━━━━━ Data provided ━━━━━
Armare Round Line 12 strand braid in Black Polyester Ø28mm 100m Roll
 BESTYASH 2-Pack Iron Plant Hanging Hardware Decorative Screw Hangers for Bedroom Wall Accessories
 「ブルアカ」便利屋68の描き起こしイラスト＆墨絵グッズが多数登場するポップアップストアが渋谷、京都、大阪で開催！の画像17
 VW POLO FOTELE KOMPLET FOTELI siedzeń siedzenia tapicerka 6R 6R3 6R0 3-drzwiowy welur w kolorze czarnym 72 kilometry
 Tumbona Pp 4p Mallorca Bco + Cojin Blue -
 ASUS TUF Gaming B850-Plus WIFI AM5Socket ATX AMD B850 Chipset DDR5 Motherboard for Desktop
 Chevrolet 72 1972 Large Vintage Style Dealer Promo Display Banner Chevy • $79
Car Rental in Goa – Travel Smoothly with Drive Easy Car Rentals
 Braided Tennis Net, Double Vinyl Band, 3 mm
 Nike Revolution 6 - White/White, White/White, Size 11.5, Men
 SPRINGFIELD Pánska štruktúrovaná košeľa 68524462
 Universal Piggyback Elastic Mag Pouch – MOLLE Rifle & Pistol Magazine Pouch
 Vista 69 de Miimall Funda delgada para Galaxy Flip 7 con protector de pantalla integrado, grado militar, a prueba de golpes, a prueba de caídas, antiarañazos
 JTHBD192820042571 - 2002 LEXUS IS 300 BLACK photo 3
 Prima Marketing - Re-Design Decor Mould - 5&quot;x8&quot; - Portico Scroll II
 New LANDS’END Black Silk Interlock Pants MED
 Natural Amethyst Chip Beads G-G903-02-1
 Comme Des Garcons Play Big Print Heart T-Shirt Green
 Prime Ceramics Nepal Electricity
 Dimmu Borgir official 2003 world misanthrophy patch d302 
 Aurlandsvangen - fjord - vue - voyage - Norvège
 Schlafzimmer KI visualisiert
━━━━━
Work item
Every record is to be retyped exactly as given.

Result below
Armare Round Line 12 strand braid in Black Polyester Ø28mm 100m Roll
 BESTYASH 2-Pack Iron Plant Hanging Hardware Decorative Screw Hangers for Bedroom Wall Accessories
 「ブルアカ」便利屋68の描き起こしイラスト＆墨絵グッズが多数登場するポップアップストアが渋谷、京都、大阪で開催！の画像17
 VW POLO FOTELE KOMPLET FOTELI siedzeń siedzenia tapicerka 6R 6R3 6R0 3-drzwiowy welur w kolorze czarnym 72 kilometry
 Tumbona Pp 4p Mallorca Bco + Cojin Blue -
 ASUS TUF Gaming B850-Plus WIFI AM5Socket ATX AMD B850 Chipset DDR5 Motherboard for Desktop
 Chevrolet 72 1972 Large Vintage Style Dealer Promo Display Banner Chevy • $79
Car Rental in Goa – Travel Smoothly with Drive Easy Car Rentals
 Braided Tennis Net, Double Vinyl Band, 3 mm
 Nike Revolution 6 - White/White, White/White, Size 11.5, Men
 SPRINGFIELD Pánska štruktúrovaná košeľa 68524462
 Universal Piggyback Elastic Mag Pouch – MOLLE Rifle & Pistol Magazine Pouch
 Vista 69 de Miimall Funda delgada para Galaxy Flip 7 con protector de pantalla integrado, grado militar, a prueba de golpes, a prueba de caídas, antiarañazos
 JTHBD192820042571 - 2002 LEXUS IS 300 BLACK photo 3
 Prima Marketing - Re-Design Decor Mould - 5&quot;x8&quot; - Portico Scroll II
 New LANDS’END Black Silk Interlock Pants MED
 Natural Amethyst Chip Beads G-G903-02-1
 Comme Des Garcons Play Big Print Heart T-Shirt Green
 Prime Ceramics Nepal Electricity
 Dimmu Borgir official 2003 world misanthrophy patch d302 
 Aurlandsvangen - fjord - vue - voyage - Norvège
 Schlafzimmer KI visualisiert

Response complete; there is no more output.